As the years went by, he no longer felt guilt for who he was and what he had to do to survive. He no longer hid, instead owning up to his new title. Alone, but he preferred it that way, even as a human. He liked to travel, but he kept to himself and was very isolated. His brother used to tease him about it for years, saying he'd never have a life if he remained being a hermit for all of his life. Gerard started to travel after his brother moved away for school, losing the person he was closest to and hung out with on a regular basis. But in doing so, it costed him his life.

Years and years of solitude, watching the world around you evolve and change. New discoveries being made, the way people dressed and acted, technology. It was all so much and he struggled a bit to keep up with the current day to day agenda of the world. Seeming as though his presence was only ever made in the late evening when the sun had gone down. When the crowds weren't so chaotic, he could hunt in peace without any worried glances or the possibility of someone noticing and coming after him. It took him quite some time to perfect his technique with hunting, sometimes he'd start off real friendly. Invite the victim out for a drink after they chatted for some time and then get them alone.

They fell for it every time. Something about his transformation had made him a lot more desirable. He had an affect on people he never did as a human, could easily draw them in and manipulate them, which definitely worked to the older man's advantage. Not much had changed with his new lifestyle, actually. But Gerard was a lot more confident. He was more graceful, less awkward and clumsy. Less embarrassing. He felt like he looked nicer, more attractive. Maybe that's where the confidence stemmed from, as well.

He began to find comfort in the cemetery downtown. Him and his brother, Mikey, had always found them interesting growing up. A couple times, they'd make a day out of it back home and sit under a tree and read or have lunch. Make up stories about the people that were buried there, what their lives were like and what they were doing in the afterlife. They never knew for sure, and didn't do anything to offend or insult the dead, it was just a way the boy's bonded. It wasn't until Gerard got sick and had... Changed, that he began to feel differently towards gravesites. Unable to be with his family since he had died, technically, but still kept tabs on them the best he could. His entire world crumbled to pieces when he learned that his little brother had died in his absence. Now his family had to deal with not one, but two losses.

Gerard was unable to attend the funeral, he wasn't buried. His mother had him cremated so he didn't even have a resting place for the older brother to visit.
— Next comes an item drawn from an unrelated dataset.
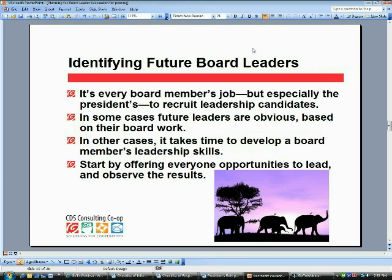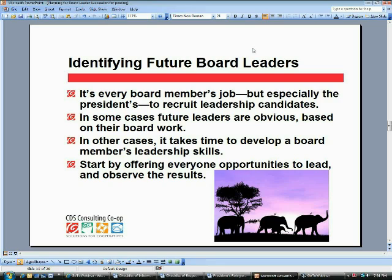If we're thinking about succession plans, somewhere in there the board president — and hopefully others — are beginning to identify people who either do have or might have some of those qualities we've been talking about. Mary Pat, could you explain how your board went about identifying the person who took your president's role when you stopped being president? And then Carolyn, after that, you could explain how someone identified you, what they did and said to help you think about becoming a future board president.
Sighing sadly, he spent time in the old cemetery the two used to hang out together at and just sat for a few moments in silence. What the hell had he been thinking? He had such a full life ahead of him, he had so many opportunities and things he had yet to experience. Gerard told him when he was ill that his sickness, his death couldn't stop him from living his life. That he had to keep going and remain strong, for the both of them. He promised. His death was so much worse than when Gerard discovered he wasn't completely dead, unable to interact with old friends and family now, but still walking on this Earth. Never once did he consider the possibility of how all this could affect him.

Mikey, his baby brother, had committed suicide not too long after Gerard had passed. His father had found him. Little Mikey Way, hanging from the closet in his older brother's bedroom. No one had known how long he was left there, they'd been out that day and when they returned home it wasn't what they expected to walk in on. He didn't scream upon finding his youngest son, it was so much of a shock that he was eerily silent until their mother came into the room cautiously because of whose room it was, before letting out the most blood curdling shriek their father had ever heard. Immediately rushing to her boy and trying to get him down, begging their father to help untie and free him but he remained still in the center of the bedroom.